Madeline Miller

The Life of Madeline Miller

By Katherine Li ('23)

Madeline Miller is a renowned American novelist, best known for her books The Song of Achilles and Circe. Born on July 24, 1978, in Boston, Massachusetts, Miller grew up in New York City and Philadelphia to classicist parents who instilled in her a fascination with ancient Greek mythology that would later inspire her literary career. In The Book Smugglers blog, she reported that inspiration for her award-winning novels The Song of Achilles and Circe originated at childhood with her mother’s bedtime readings of Homer’s Iliad and the Odyssey


Miller received her BA and MA in Classics from Brown University, where she studied under Mary Lefkowitz, a renowned scholar of Classics. After completing her studies, she taught high school Latin, Greek, and Shakespearean literature for several years before pursuing a Ph.D. in Classics at Yale University; during this time, she began writing her first novel, The Song of Achilles, a retelling of the myth of Achilles and his companion Patroclus. With directing, teaching, and her studies on her plate, she was left with little time to actually write, and the writing process for her first novel spanned ten years. After years of revising with the help of her now-husband Nathaniel Drake, Miller finally published The Song of Achilles in 2011 to critical acclaim. The novel went on to win the Orange Prize for Fiction in 2012.
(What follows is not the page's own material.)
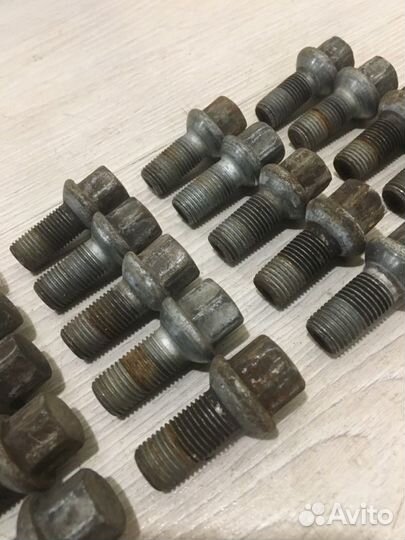 Болты колесные (комплект) Mercedes Benz E300 W211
Following the success of The Song of Achilles, Miller began working on her second novel, Circe, which was published in 2018. The novel tells the story of main character Circe, goddess of sorcery in Greek mythology, who is banished to a deserted island for using her powers to turn a mortal into a god. Another critical success, Circe was named as one of the best books of 2018 by numerous publications.